Multi-Channel-Strategie
Auch notebooksbilliger.de, einst als reiner Online-Shop gestartet, setzt auf den Ausbau stationärer Ladengeschäfte. Im November eröffnete das Unternehmen, das bereits Filialen in Düsseldorf und München betreibt, den nach eigenen Angaben größten Elektronik Lagerverkauf Deutschlands. Auf mehr als 800 Quadratmetern Ladenfläche werden alle großen Produktkategorien, wie Notebooks, Tablets und Smartphones angeboten. Erstmals werden auch Haushaltsgeräte, Soundsysteme und Fernsehgeräte ausgestellt.
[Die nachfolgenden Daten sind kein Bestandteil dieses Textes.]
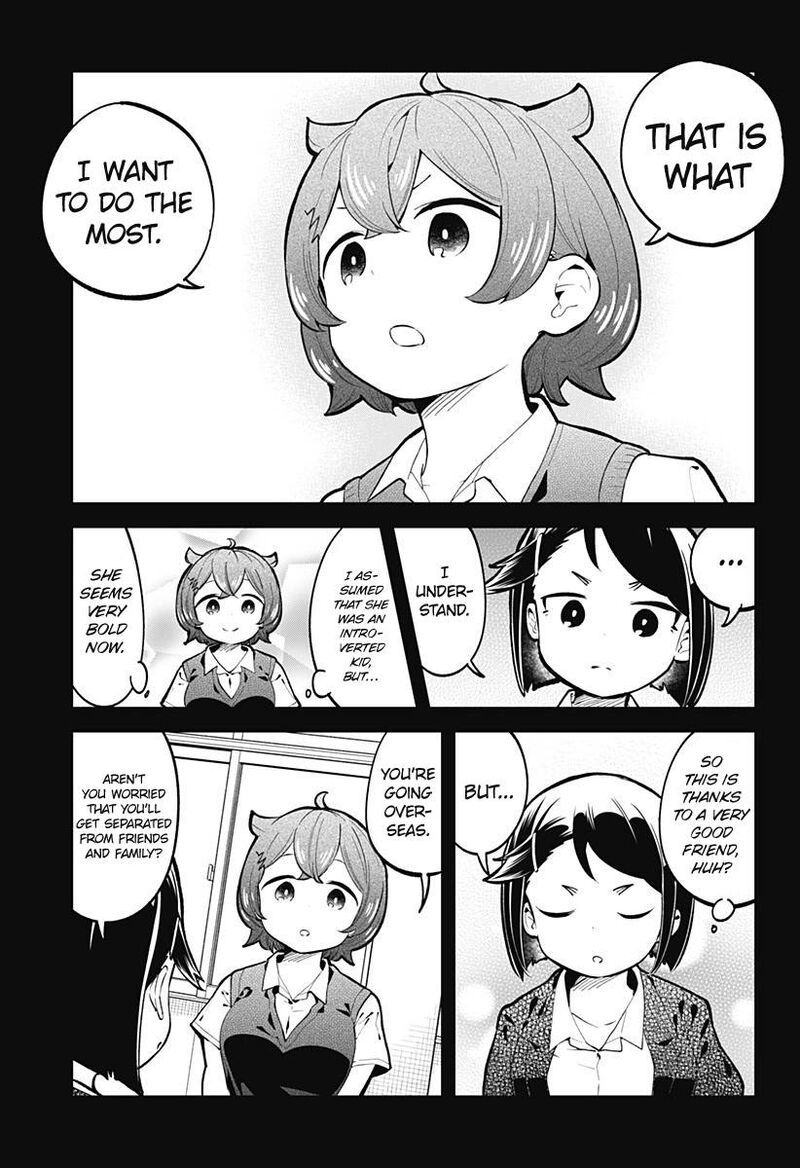 Aharen-San Wa Hakarenai Chapter 146 - Page 13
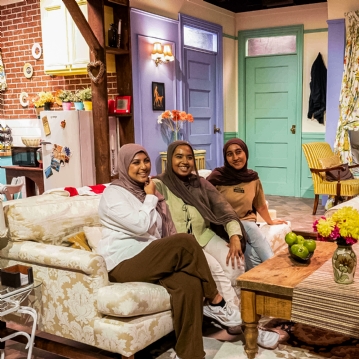 The FRIENDS™ Experience: The One in London for Two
Um sich gegenüber der Konkurrenz aus dem Internet besser zu positionieren, investieren wiederum viele stationäre Händler in das, was der Onlinehandel nicht bieten kann: attraktive Store-Konzepte, die das Einkaufen zum Erlebnis machen. Über 80 Prozent der vom Kölner Handelsforschungsinstitut EHI befragten Handels- und Ladenbauunternehmen bestätigten dies. Mehr als die Hälfte der befragten Handelsunternehmen setzt verstärkt individuelle Einrichtungselemente ein. Knapp zwei Drittel rechnen zudem mit einer Verkürzung der Renovierungszyklen - bei einer zugleich unverändert hohen Investitionsbereitschaft im Handel.
Doch der Kunde will beides: online und stationären Handel. Und der Trend gewinnt an Fahrt: Glaubt man den jüngsten Gerüchten aus den USA, erwägt selbst der Onlinegigant Amazon neben seinem ersten stationären Buchladen in Seattle weitere Läden zu eröffnen. Umgekehrt eröffnen viele stationäre Händler einen Online-Vertriebskanal, lassen ihre Kunden im Internet bestellen und in der Filiale abholen. Rund ein Viertel der Händler, die diesen Weg gegangen sind, freuen sich über Umsatzzuwächse von fast 20 Prozent "durch Impulskäufe beim Abholen der Ware", schreibt das EHI.